(Stored items from a collection)
================

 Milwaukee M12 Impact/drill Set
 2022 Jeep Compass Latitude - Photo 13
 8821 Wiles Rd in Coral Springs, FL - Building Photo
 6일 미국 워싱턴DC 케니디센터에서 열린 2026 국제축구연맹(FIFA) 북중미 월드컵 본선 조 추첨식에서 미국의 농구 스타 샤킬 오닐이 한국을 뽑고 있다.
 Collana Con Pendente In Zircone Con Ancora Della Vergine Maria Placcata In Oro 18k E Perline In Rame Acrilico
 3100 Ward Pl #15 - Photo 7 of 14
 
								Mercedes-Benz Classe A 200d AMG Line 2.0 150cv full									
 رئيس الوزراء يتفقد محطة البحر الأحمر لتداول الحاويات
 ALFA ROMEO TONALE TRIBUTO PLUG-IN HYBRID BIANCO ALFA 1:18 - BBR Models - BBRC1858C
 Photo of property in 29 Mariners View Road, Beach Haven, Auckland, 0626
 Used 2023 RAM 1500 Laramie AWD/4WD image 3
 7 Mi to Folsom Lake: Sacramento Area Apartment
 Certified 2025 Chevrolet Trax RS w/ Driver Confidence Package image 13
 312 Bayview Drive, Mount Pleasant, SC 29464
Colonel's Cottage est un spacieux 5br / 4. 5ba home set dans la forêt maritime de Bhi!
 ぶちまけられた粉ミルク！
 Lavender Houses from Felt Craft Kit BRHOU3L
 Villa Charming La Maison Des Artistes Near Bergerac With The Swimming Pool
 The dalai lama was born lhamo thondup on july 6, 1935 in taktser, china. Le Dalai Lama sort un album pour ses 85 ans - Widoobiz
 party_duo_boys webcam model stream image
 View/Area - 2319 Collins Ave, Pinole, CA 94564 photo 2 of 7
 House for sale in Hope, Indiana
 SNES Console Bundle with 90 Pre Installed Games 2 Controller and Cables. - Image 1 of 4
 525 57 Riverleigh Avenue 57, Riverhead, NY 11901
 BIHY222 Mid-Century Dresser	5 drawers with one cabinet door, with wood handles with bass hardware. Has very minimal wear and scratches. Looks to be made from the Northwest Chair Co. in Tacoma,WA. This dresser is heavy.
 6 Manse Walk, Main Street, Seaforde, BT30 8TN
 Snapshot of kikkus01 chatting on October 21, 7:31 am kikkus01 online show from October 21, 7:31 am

================

## AIM OF THE EXERCISE
Reproduce, word for word and in full, only the lines above that start at the line with "Used 2023 RAM 1500 Laramie AWD/4WD image 3" and run through the line with "party_duo_boys webcam model stream image", both ends included.

## ANSWER TO THIS PROBLEM
 Used 2023 RAM 1500 Laramie AWD/4WD image 3
 7 Mi to Folsom Lake: Sacramento Area Apartment
 Certified 2025 Chevrolet Trax RS w/ Driver Confidence Package image 13
 312 Bayview Drive, Mount Pleasant, SC 29464
Colonel's Cottage est un spacieux 5br / 4. 5ba home set dans la forêt maritime de Bhi!
 ぶちまけられた粉ミルク！
 Lavender Houses from Felt Craft Kit BRHOU3L
 Villa Charming La Maison Des Artistes Near Bergerac With The Swimming Pool
 The dalai lama was born lhamo thondup on july 6, 1935 in taktser, china. Le Dalai Lama sort un album pour ses 85 ans - Widoobiz
 party_duo_boys webcam model stream image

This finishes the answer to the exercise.